__INSTRUCTIONS FOR THE TASK__:
Beneath this line are entries. Copy the range from the line with "FLEXISPOT Ergonomic Office" to the line with "realistic photos of", ends included, exactly; leave pictures out.
+---+
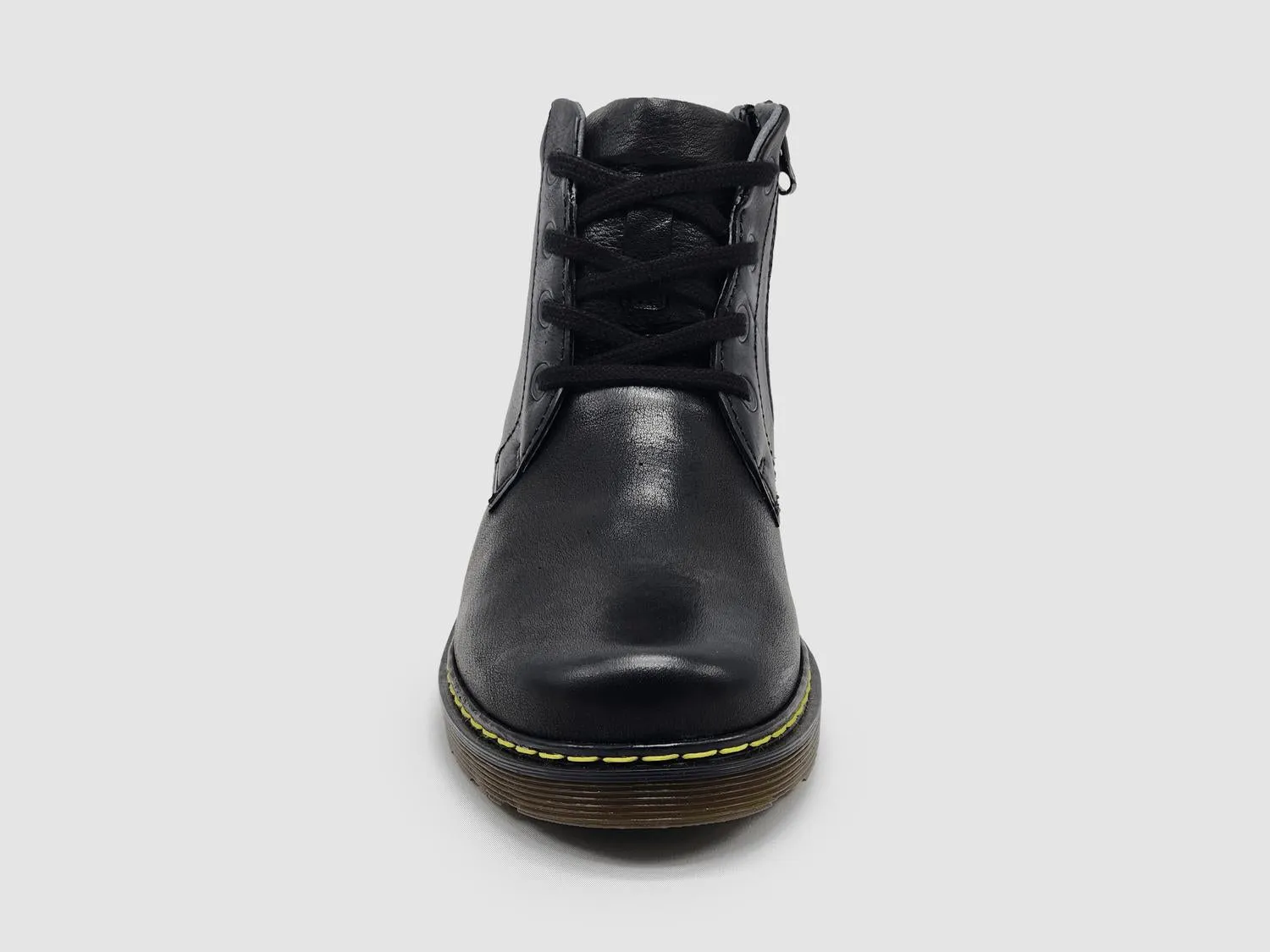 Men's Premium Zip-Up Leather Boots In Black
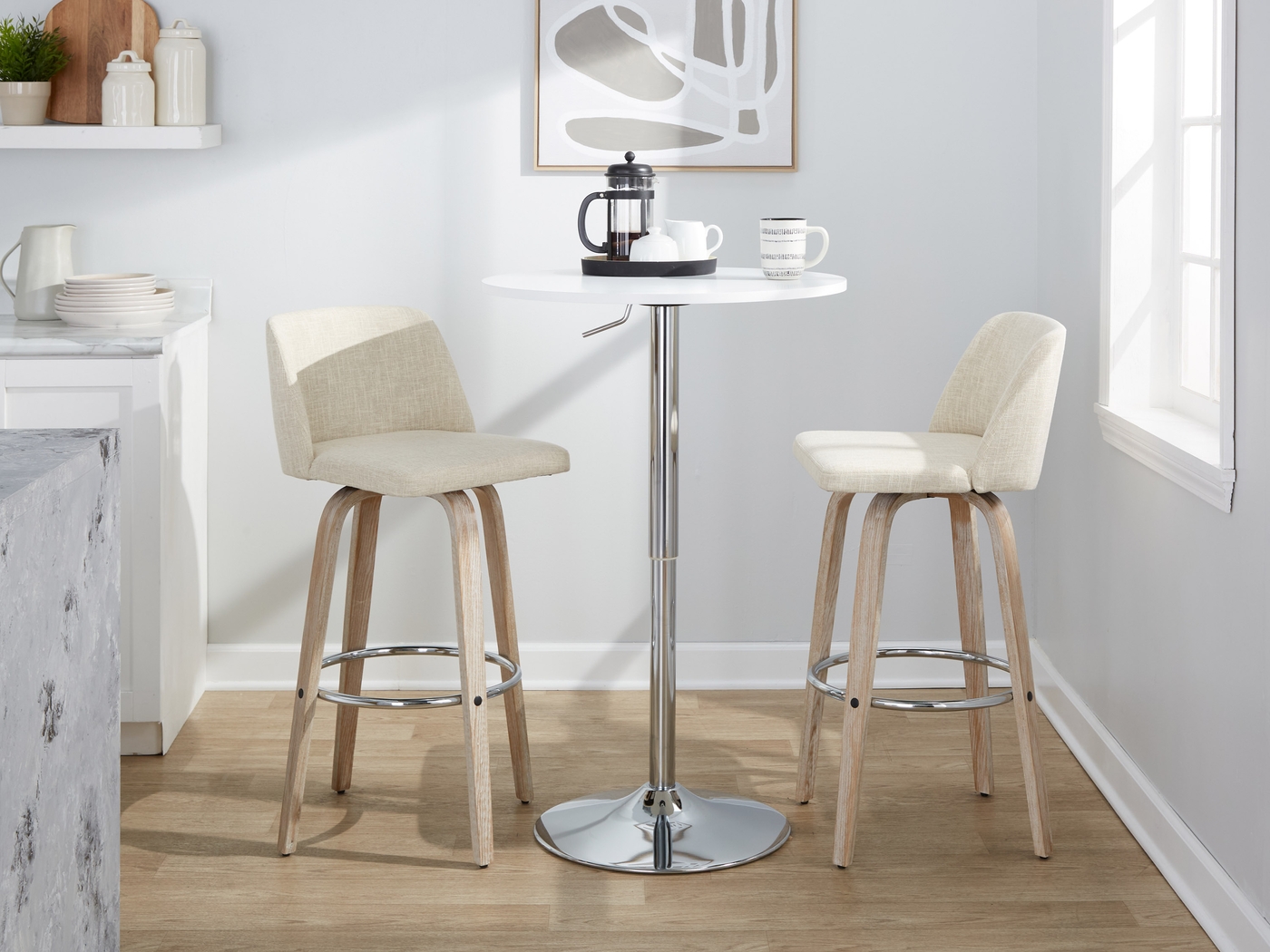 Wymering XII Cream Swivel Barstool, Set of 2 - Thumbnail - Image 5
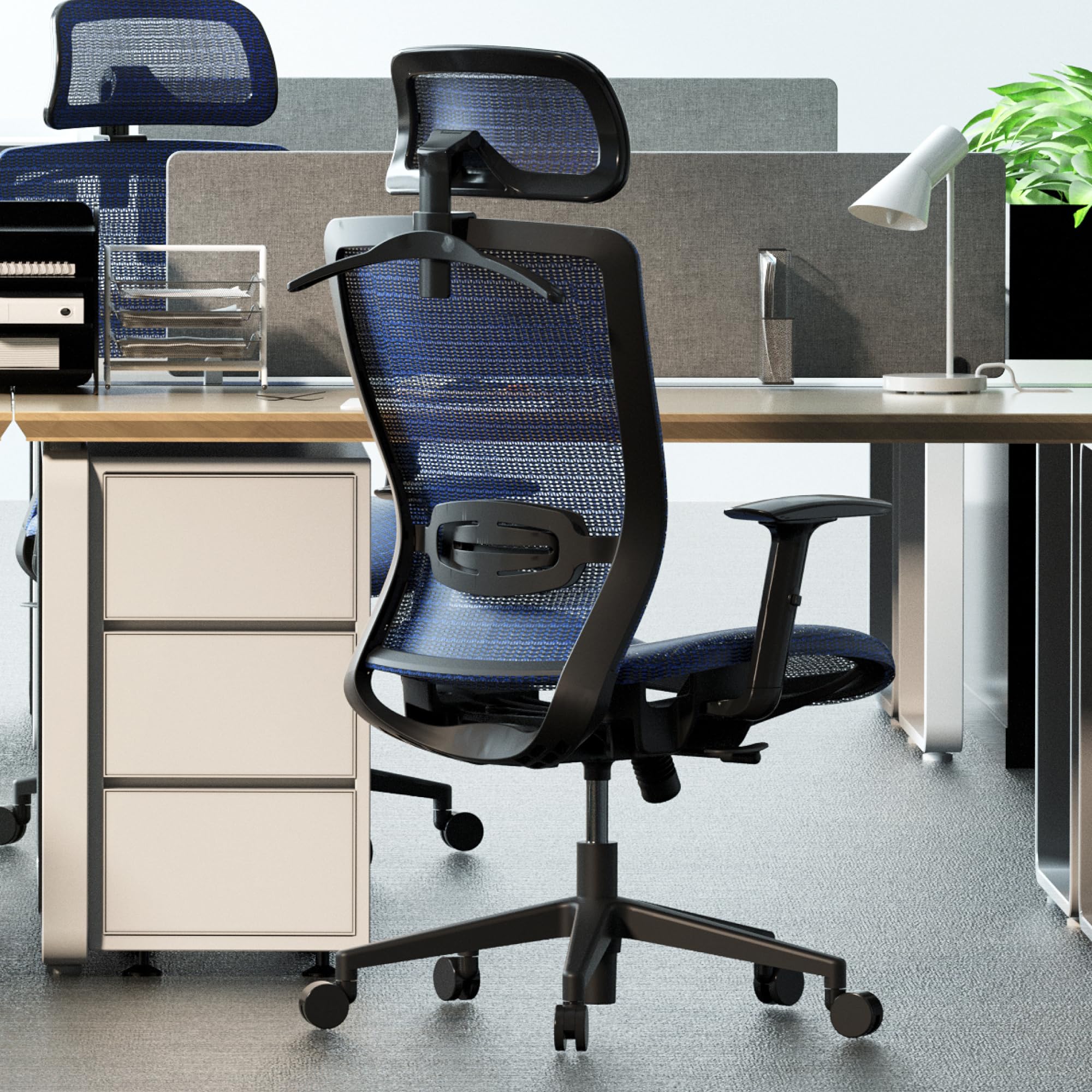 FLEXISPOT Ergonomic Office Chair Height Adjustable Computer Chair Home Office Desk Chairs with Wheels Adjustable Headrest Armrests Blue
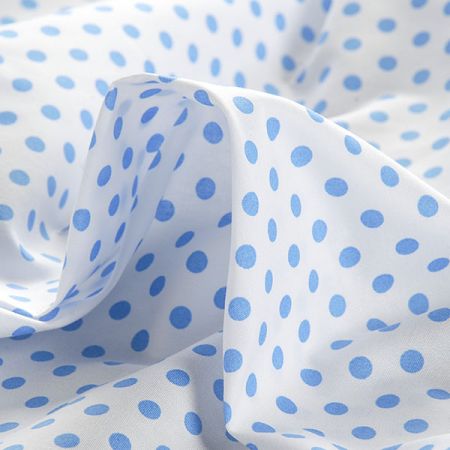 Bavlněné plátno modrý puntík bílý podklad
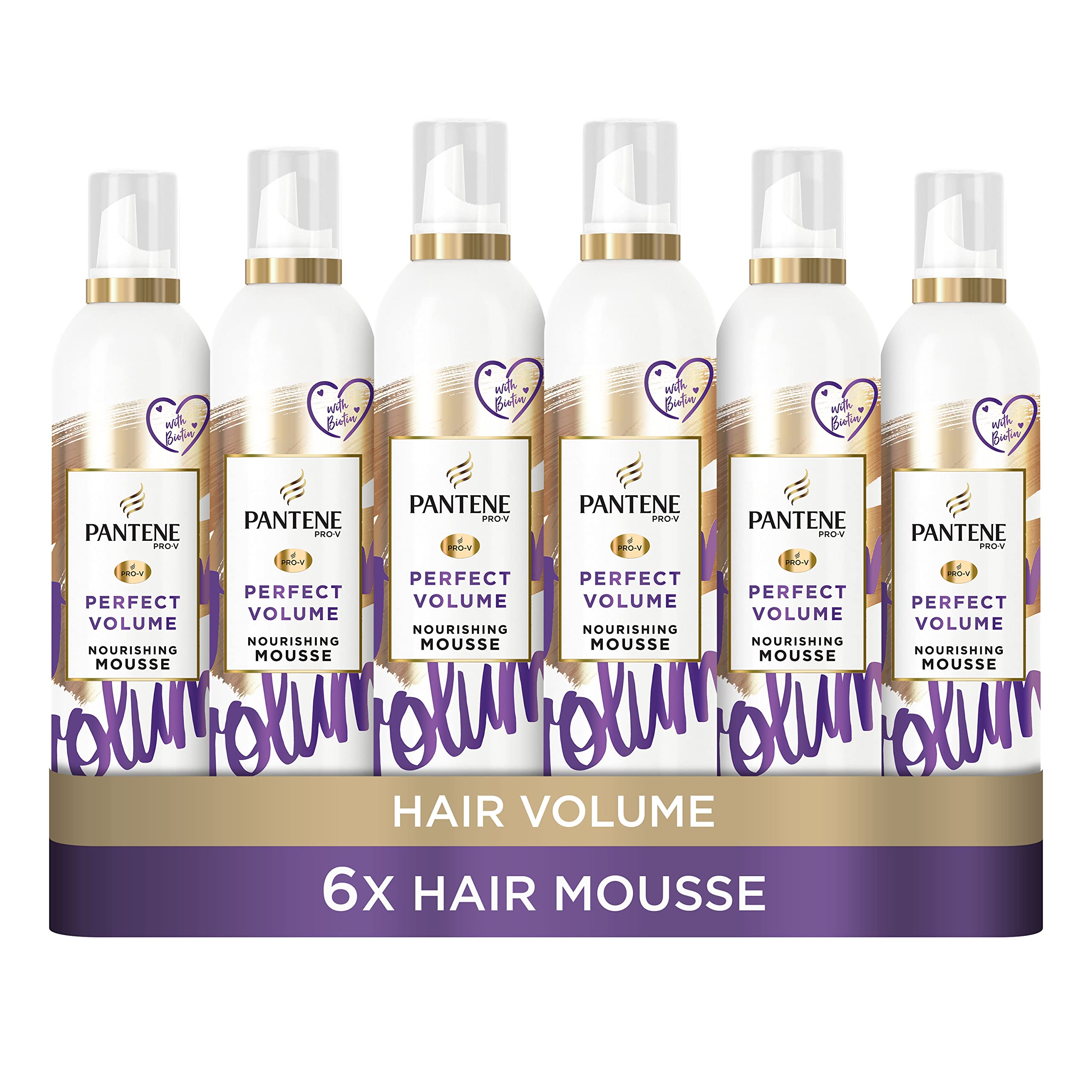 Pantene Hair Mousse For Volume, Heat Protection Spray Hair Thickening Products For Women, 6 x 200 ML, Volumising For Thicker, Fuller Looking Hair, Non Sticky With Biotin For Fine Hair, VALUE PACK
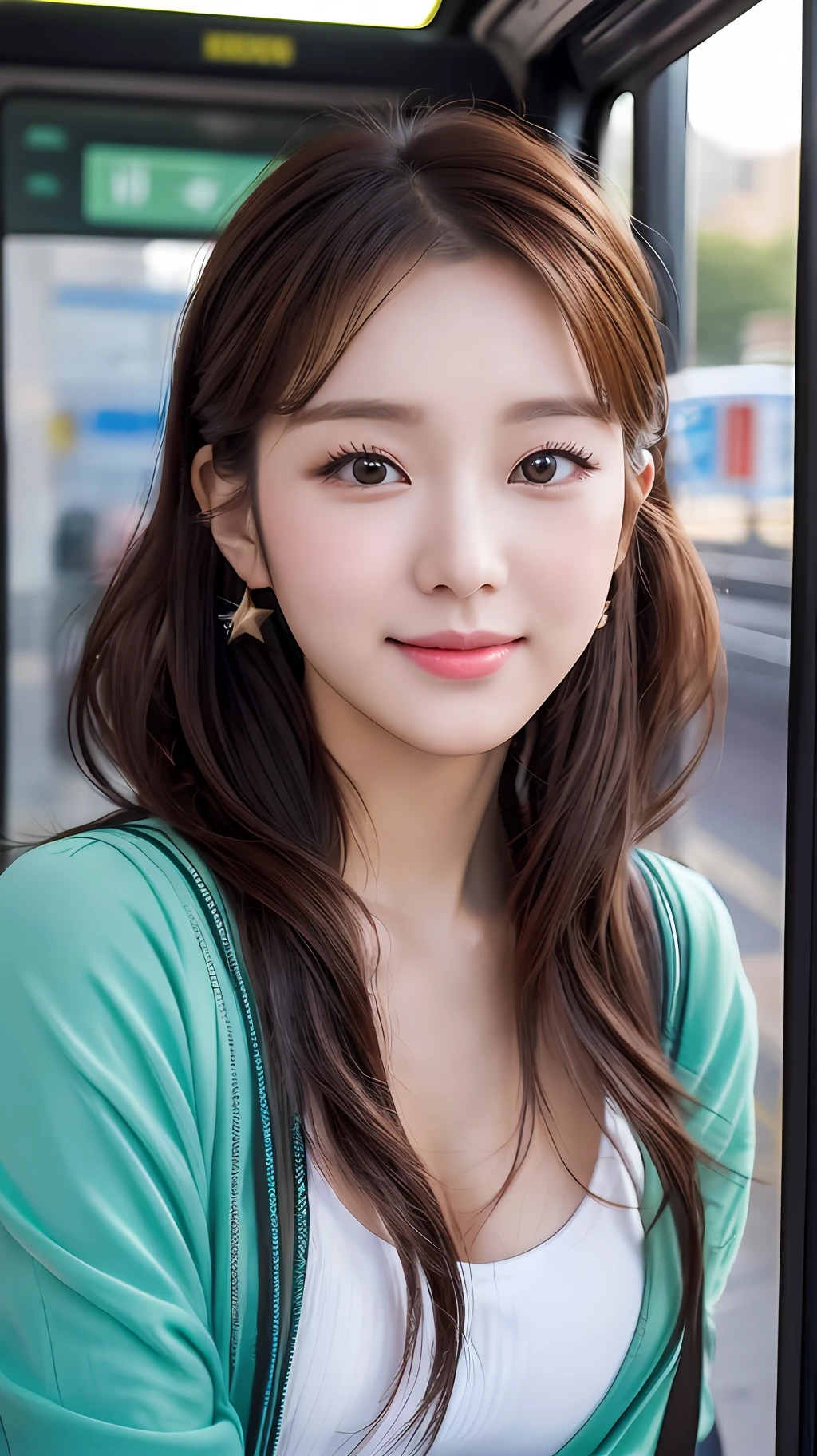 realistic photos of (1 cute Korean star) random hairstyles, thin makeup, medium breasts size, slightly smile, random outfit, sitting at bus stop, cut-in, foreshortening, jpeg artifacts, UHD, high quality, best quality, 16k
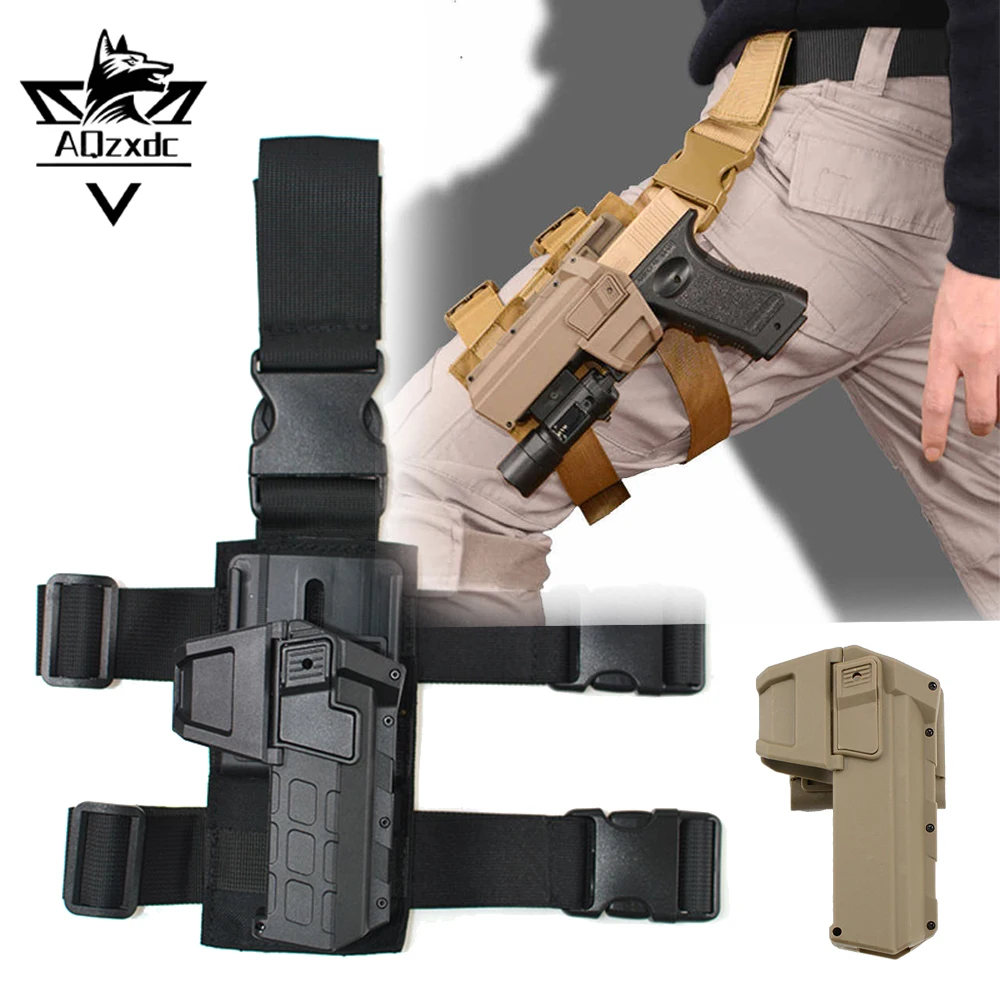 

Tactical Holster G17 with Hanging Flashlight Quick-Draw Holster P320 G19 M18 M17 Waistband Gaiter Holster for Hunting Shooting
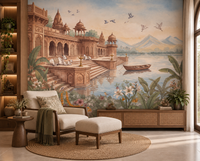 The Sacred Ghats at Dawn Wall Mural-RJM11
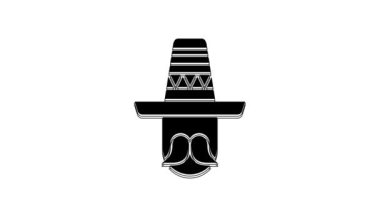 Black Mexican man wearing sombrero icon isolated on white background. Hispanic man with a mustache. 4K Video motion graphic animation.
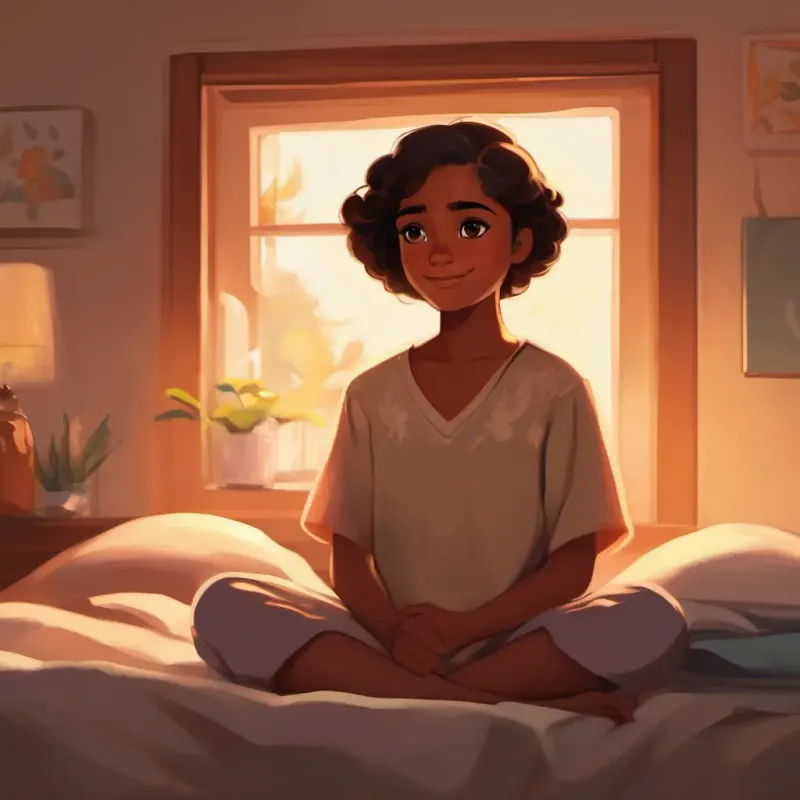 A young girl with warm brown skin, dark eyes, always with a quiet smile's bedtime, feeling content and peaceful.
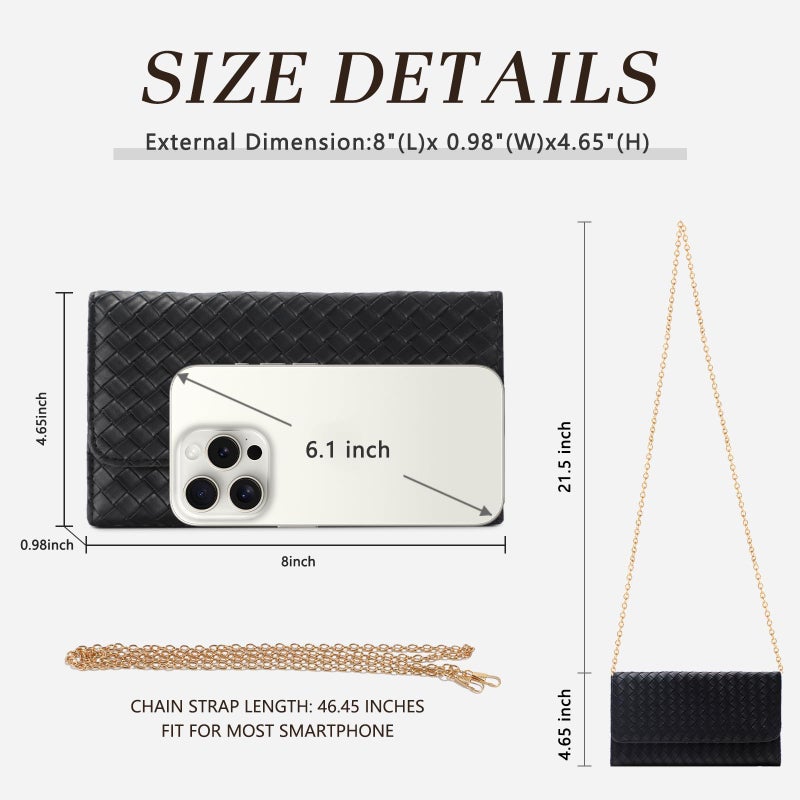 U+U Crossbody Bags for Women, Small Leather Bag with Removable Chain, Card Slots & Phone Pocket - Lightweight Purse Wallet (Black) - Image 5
+---+
__SOLUTION__:
 FLEXISPOT Ergonomic Office Chair Height Adjustable Computer Chair Home Office Desk Chairs with Wheels Adjustable Headrest Armrests Blue
 Bavlněné plátno modrý puntík bílý podklad
 Pantene Hair Mousse For Volume, Heat Protection Spray Hair Thickening Products For Women, 6 x 200 ML, Volumising For Thicker, Fuller Looking Hair, Non Sticky With Biotin For Fine Hair, VALUE PACK
 realistic photos of (1 cute Korean star) random hairstyles, thin makeup, medium breasts size, slightly smile, random outfit, sitting at bus stop, cut-in, foreshortening, jpeg artifacts, UHD, high quality, best quality, 16k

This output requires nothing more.